In the past 15 days southern and central Wisconsin was pounded by as much as six to ten inches of rain, and that was just part of the headache for farmers.
"You hear of hail and you hear of crops being damaged besides the tornadoes and the torrential rains so I guess a whole array of things are taking place down there. That wasn't good at all," says Mark Petersen of Petersen Dairy located in Grand Chute.
At Petersen Dairy they're fairing much better than the farmers down south did following last week’s storms. But the concern over wet fields that are still present today, is a cause of some worry.
"We're getting really close to our corn harvest, within a week. And the soy beans are right after that. So if it stops raining right now and the weather straightens out it might not be a big problem," adds Petersen.
The problem is though that Petersen says alfalfa, corn, and soy beans are all supposed to be harvested within the next couple of weeks. But most farmers know it's just too wet out across central and southern Wisconsin right now, to get the job done.

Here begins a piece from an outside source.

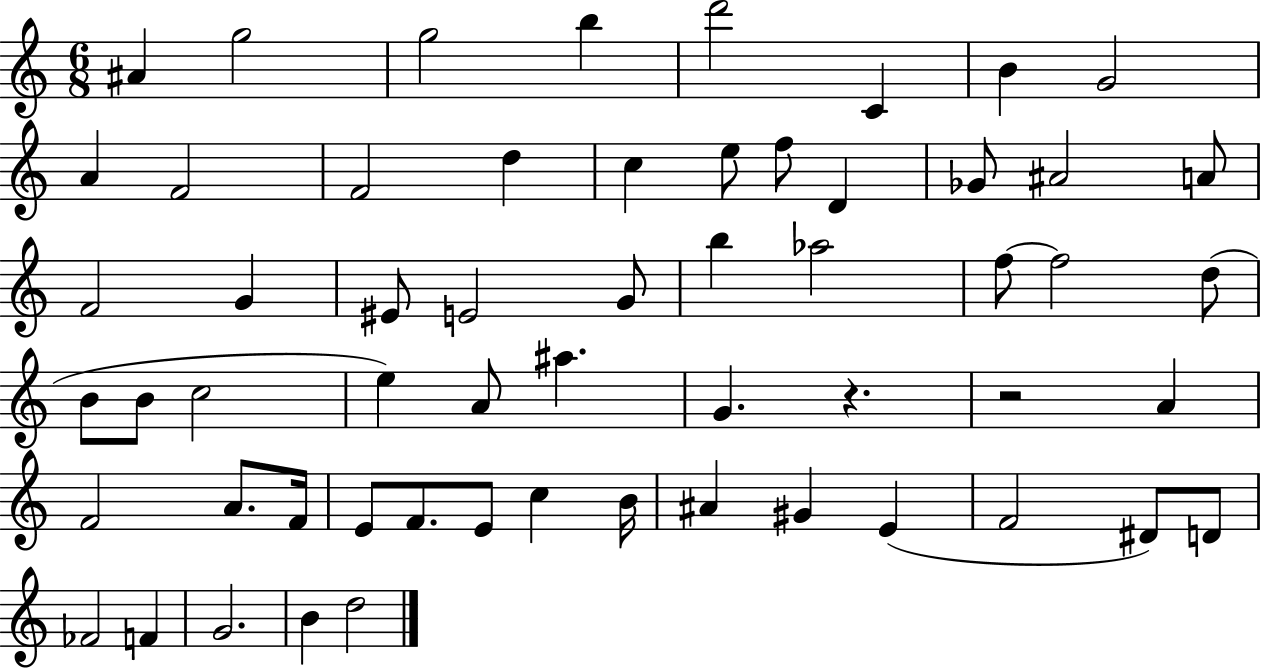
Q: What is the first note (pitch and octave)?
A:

"We need dry weather now and the heat is a good thing. It's going to get our crops ripe so we gotta watch the wet," says Petersen.
And as strange as it sounds, once you get north of Brown County many farmers are dealing with fields that are abnormally dry for this time of the year right now, which has turned this season’s potential harvest into a tale of too much rain and just not enough of it, depending on where you live in Wisconsin.